Виктор Iванiв. Конец Покемаря. — М.: Коровакниги, 2017. — 401 с.
Очарование произведений Iванiва в их непохожести друг на друга. Писатель говорил в интервью Александру Чанцеву, что рассказывать одинаково не очень интересно, поэтому для каждой вещи он пытается придумать свое решение, свою композицию, свой сценарный вариант. И посмертно выпущенный сборник прозы (хотя подчас это определение весьма условно, Iванiв размывает границу между прозаическим и поэтическим) «Конец Покемаря» — прекрасное тому подтверждение.
Роман «Жирный шифр, в инее шарф», в котором, по признанию автора, целью было максимально затруднить понимание, соседствует с легкими, воздушными рассказами. Сухой сценарий «Про арбуз» расположен рядом с ритмизованной и рифмованной «Повестью о Полечке», чья напевность, среди прочего, напоминает творчество скоморохов:
Вбегаю в метро на станцию, как пятно родимое, наступает приход, и тут же приходит мне кабзда.
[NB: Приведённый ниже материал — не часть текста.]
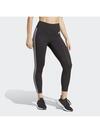 Adidas We 3S 78 Tig HT5438 Siyah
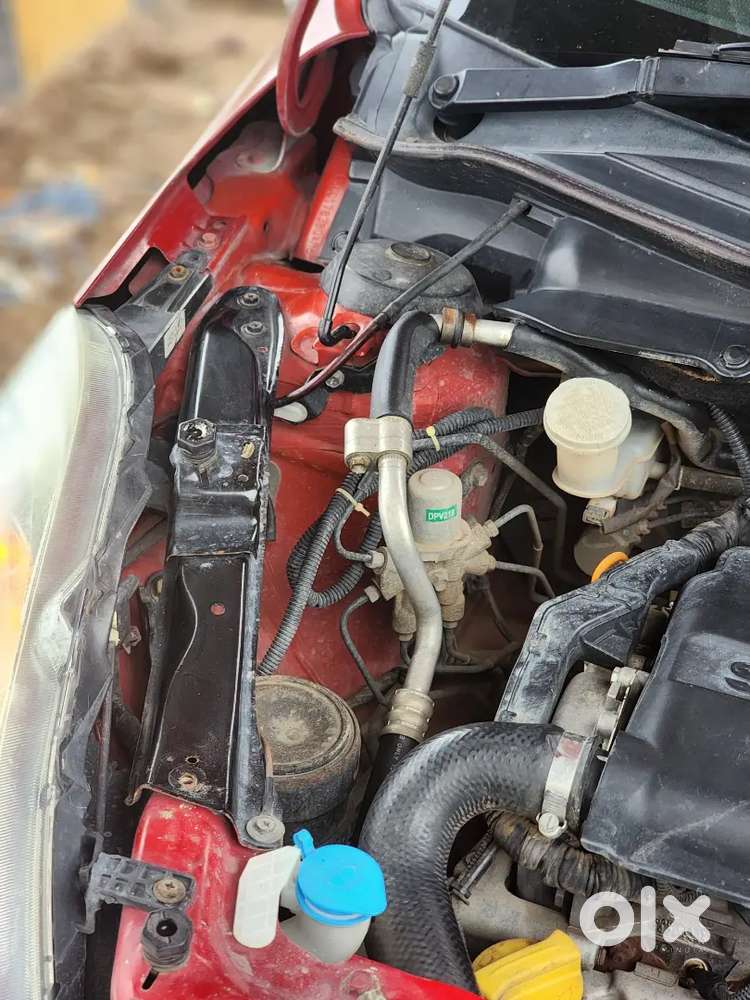 Swift Vdi Diesel 2012
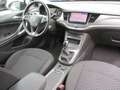 Opel Astra 1.2 Turbo NAVI SPURH SITZH TEMPOM PDC ALU Negro - thumbnail 12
И прежде чем в меня пальцем показывать и тыкать, послушайте, я про время еще не досказал. Время — это такое тело мертвого, голое, без креста, в поле лежащего в штанах. Время — это монета затертая, сколок, на которой впроголодь портрет не узнаешь впотьмах. Время — это то, что открывается, как воспоминание, и сбывается раз, но это обман. Это виселица, каруселька майская, в которой мертвый ребенок выпал из стремян.
Творческий метод автора наследует традиции русской орнаментальной прозы от Андрея Белого с Константином Вагиновым до Саши Соколова. Даже когда Iванiв не ритмизует и не вплетает в свои произведения рифму, его язык все равно остается чрезвычайно разнообразным и богатым созвучиями:
Чащи веток, елей кисейной барышни, и высосанный зрак хоботом пчелиным — хмурилась-жмурилась, а до этого снилась утрами под сладость пробуждения — морфема такая и фенечка, да денечка красноватыми пузырями сафьяна в сумраке прихожей зажгла электричество, и отказали, закоротили косые дожди.
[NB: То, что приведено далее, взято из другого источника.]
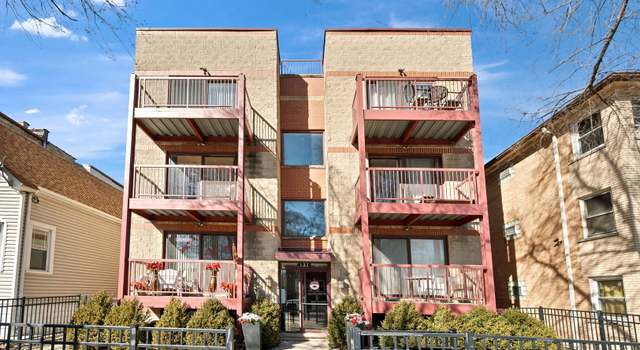 Photo of 4716 W Addison St Unit 2W, Chicago, IL 60641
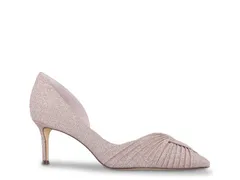 ニナ レディース シューズ パンプス Nina Nazy Pump Taupe トープのサムネイル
Автор систематически смешивает события, имевшие место в действительности, с вымыслом. Даже герои не остаются неизменными в этом ускользающем авторском мире: Полечка, например, временами превращается в Олечку и обратно. Воспринимая письмо такой плотности, неизменно обнаруживаешь себя завороженным.
Iванiв писал на пределе возможностей, до изнеможения (сам он характеризовал свой метод как «лихорадочное письмо»). И заложенное в его произведениях ощущение (бес)предельности («единственный нон-конформизм — не проспать свой последний час и быть к готовым к гибели всерьез») и тотальной свободы в условиях несвободы («из окон прыгать нам иль задыхаться») бесконечно подкупает.